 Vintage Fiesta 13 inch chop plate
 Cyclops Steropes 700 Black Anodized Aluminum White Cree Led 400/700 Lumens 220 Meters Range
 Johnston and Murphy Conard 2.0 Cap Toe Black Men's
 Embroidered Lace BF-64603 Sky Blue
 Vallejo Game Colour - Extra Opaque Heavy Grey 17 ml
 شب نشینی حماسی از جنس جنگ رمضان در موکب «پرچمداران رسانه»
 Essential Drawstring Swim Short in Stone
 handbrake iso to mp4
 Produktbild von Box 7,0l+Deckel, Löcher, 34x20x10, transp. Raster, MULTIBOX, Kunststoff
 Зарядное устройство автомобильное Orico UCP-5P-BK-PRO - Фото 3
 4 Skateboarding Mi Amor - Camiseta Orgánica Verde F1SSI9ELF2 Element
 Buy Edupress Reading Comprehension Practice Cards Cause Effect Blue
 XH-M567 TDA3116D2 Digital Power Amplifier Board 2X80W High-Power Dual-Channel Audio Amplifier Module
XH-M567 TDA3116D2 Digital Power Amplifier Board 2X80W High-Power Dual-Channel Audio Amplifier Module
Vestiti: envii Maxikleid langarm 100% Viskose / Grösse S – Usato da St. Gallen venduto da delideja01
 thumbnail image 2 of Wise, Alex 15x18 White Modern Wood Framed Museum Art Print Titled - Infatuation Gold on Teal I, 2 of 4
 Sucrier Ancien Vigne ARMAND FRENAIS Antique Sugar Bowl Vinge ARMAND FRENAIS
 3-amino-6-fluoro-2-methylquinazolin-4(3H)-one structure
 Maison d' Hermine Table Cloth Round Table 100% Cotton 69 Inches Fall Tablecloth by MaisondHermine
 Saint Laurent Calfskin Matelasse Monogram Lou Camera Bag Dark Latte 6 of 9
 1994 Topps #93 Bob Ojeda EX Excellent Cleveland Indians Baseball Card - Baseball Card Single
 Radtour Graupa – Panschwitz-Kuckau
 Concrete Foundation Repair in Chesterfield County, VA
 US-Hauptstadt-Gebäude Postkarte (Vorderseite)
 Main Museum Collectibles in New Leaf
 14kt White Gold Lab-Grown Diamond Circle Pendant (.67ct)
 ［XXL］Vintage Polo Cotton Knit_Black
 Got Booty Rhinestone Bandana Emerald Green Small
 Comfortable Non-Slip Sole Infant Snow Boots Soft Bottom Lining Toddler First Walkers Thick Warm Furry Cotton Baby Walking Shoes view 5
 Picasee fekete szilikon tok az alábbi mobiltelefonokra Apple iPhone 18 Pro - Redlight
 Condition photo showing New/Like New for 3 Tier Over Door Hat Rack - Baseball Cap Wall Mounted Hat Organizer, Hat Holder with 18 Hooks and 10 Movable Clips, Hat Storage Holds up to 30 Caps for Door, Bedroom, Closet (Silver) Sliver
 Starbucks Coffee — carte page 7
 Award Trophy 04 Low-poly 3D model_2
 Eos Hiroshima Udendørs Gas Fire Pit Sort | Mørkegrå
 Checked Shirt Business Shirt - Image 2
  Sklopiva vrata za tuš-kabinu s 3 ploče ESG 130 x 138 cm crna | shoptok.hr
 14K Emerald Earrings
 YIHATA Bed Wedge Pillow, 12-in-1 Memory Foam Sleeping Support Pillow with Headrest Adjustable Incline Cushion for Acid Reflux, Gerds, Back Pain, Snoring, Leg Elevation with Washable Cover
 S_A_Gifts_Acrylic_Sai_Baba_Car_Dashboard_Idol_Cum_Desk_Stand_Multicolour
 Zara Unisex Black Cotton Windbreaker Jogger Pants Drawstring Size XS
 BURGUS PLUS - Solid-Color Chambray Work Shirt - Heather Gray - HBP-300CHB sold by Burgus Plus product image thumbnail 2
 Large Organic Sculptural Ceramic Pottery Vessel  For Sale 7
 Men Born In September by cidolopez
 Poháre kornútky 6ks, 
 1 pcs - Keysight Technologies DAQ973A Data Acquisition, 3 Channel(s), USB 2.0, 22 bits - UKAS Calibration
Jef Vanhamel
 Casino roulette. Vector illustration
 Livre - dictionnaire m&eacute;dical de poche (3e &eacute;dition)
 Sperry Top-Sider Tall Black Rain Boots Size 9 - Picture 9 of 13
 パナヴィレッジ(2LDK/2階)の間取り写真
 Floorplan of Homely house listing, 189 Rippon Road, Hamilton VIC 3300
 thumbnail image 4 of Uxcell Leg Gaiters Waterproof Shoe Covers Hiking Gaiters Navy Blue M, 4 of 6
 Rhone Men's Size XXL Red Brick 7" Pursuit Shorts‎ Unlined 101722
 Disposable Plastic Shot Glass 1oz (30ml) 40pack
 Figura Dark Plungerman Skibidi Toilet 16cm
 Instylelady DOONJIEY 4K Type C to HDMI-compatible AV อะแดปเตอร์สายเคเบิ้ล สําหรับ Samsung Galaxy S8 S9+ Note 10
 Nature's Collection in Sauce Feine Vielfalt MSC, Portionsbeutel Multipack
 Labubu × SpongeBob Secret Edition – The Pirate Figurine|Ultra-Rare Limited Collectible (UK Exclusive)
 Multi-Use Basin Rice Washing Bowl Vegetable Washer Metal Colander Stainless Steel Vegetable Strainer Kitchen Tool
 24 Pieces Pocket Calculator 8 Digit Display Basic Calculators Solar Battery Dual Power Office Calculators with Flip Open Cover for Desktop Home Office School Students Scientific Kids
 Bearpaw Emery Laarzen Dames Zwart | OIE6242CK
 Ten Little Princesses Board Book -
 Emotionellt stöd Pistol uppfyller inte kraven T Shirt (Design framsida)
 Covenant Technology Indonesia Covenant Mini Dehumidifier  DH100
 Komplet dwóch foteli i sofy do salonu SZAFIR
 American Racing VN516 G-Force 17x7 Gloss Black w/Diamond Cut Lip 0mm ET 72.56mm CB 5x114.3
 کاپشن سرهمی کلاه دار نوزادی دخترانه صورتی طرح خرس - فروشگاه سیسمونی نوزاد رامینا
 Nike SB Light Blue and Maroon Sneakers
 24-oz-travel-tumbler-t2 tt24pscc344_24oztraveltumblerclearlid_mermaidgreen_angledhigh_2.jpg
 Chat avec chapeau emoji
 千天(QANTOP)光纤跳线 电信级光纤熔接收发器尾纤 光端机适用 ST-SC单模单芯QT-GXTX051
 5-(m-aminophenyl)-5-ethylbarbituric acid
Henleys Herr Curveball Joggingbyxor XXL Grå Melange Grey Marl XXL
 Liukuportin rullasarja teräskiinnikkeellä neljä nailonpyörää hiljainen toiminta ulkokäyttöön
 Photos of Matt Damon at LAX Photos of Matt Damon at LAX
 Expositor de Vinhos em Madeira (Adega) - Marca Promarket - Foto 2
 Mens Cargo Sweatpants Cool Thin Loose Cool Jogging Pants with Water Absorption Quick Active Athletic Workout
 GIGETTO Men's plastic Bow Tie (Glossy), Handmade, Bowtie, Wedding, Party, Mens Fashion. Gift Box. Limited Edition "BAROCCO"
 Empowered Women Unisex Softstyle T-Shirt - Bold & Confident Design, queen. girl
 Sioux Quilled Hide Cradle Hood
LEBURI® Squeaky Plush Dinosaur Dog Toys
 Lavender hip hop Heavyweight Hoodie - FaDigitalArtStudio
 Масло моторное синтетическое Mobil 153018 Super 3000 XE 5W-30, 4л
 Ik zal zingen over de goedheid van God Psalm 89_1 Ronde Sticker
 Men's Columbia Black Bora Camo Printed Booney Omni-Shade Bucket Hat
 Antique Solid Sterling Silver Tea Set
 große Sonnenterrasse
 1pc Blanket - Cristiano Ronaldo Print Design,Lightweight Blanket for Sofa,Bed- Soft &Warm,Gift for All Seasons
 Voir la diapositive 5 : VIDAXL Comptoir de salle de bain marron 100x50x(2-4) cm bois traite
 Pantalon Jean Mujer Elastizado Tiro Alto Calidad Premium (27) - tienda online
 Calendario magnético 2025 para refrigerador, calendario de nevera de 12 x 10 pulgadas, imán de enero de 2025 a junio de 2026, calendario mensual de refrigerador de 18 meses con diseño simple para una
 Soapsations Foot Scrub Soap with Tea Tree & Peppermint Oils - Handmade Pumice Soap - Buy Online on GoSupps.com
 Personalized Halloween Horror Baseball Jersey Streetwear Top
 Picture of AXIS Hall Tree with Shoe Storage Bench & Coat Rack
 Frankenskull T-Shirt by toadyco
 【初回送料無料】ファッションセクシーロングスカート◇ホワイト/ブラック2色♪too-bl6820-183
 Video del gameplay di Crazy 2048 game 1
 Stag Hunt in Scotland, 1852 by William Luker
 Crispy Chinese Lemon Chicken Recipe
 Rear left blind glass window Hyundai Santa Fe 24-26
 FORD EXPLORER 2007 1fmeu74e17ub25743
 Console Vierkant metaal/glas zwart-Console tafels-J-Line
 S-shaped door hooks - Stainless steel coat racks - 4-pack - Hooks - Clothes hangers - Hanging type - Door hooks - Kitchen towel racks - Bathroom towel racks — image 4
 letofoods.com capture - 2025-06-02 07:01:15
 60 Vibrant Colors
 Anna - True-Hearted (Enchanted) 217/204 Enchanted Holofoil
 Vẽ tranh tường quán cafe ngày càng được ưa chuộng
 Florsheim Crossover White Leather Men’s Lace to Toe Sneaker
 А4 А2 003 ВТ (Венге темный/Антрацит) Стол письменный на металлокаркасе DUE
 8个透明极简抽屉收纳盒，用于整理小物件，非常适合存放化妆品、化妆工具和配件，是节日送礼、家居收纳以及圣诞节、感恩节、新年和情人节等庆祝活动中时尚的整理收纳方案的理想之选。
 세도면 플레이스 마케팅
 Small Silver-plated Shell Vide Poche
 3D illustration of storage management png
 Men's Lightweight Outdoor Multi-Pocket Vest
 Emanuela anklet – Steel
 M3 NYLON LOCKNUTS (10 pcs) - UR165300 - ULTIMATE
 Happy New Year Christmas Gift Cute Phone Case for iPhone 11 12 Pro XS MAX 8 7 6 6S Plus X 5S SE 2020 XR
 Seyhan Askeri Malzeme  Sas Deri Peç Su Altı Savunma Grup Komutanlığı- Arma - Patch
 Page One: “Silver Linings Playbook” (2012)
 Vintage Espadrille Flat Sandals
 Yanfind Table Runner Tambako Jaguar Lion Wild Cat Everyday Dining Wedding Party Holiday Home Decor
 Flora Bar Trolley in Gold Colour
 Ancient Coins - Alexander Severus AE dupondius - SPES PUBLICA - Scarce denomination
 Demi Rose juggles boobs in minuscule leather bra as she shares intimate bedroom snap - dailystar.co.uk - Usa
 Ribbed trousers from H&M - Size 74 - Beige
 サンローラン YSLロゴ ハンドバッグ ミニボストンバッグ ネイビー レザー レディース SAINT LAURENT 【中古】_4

Exercise goal: The lines above from the one containing "Instylelady DOONJIEY 4K" through the one containing "24 Pieces Pocket" are to be set down exactly, and no others.

Reply to the exercise:
 Instylelady DOONJIEY 4K Type C to HDMI-compatible AV อะแดปเตอร์สายเคเบิ้ล สําหรับ Samsung Galaxy S8 S9+ Note 10
 Nature's Collection in Sauce Feine Vielfalt MSC, Portionsbeutel Multipack
 Labubu × SpongeBob Secret Edition – The Pirate Figurine|Ultra-Rare Limited Collectible (UK Exclusive)
 Multi-Use Basin Rice Washing Bowl Vegetable Washer Metal Colander Stainless Steel Vegetable Strainer Kitchen Tool
 24 Pieces Pocket Calculator 8 Digit Display Basic Calculators Solar Battery Dual Power Office Calculators with Flip Open Cover for Desktop Home Office School Students Scientific Kids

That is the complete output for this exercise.